Baltimore MTA Weighs Replacing Red Line Light Rail With Rapid Bus Service
State officials quietly prepared contingency plans to scrap Baltimore's Red Line light rail in favor of rapid bus service, sources say, threatening Gov. Moore's marquee transit promise.

Baltimore's long-awaited Red Line may never carry a single light rail passenger. State transportation officials have quietly prepared contingency plans that would replace the proposed east-west light rail line with bus rapid transit, according to multiple sources familiar with the discussions who were not authorized to speak publicly.
The contingency planning follows three compounding pressures: difficulty locking in federal funding, rising project costs, and complications with land acquisition in East Baltimore. The Maryland Transit Administration is already behind schedule on selecting one of three route alternatives between Woodlawn and Johns Hopkins Bayview Medical Center through downtown Baltimore. Sources say two additional options for how to actually build the Red Line are now under consideration, with a bus rapid transit pivot being the most explicitly identified.
The state's current six-year transportation spending plan includes more than $130 million for preliminary engineering and design for the Red Line, some of it federal funds awarded under the Biden administration. That plan does not include a single dollar for construction. Simultaneously, the MTA is pursuing a $1.4 billion overhaul of the existing north-south Light Rail and has floated purchasing enough new trains to serve both a north-south and an east-west line.
Whether Governor Wes Moore will endorse any of the contingency options remains unclear. Moore reversed Republican Governor Larry Hogan's cancellation of the Red Line project and has made starting construction during his term one of his marquee campaign commitments. A shift to bus rapid transit would put that promise under serious scrutiny.
The tradeoffs are significant in either direction. A light rail Red Line would knit more directly into Baltimore's existing rail network. Bus rapid transit, by contrast, would add yet another mode to a system already spanning Metro, MARC commuter rail, and commuter bus, a combination that state transportation officials have struggled to coordinate effectively. The Maryland Department of Transportation has repeatedly rejected calls to expand the Metro subway specifically because of high costs.
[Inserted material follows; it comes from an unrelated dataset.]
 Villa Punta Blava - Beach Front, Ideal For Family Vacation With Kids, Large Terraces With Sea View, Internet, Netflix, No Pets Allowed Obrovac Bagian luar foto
Proponents of the BRT contingency argue it could prevent what transit watchers would recognize as a second death for the Red Line, accelerating a project that has spent decades stalled. Critics fear it would shortchange a corridor that has waited a generation for genuine rail service.
MTA spokesperson Veronica Battisti, in an emailed statement, did not address any of the specific contingency options but said the agency and the Moore administration remain committed to the project.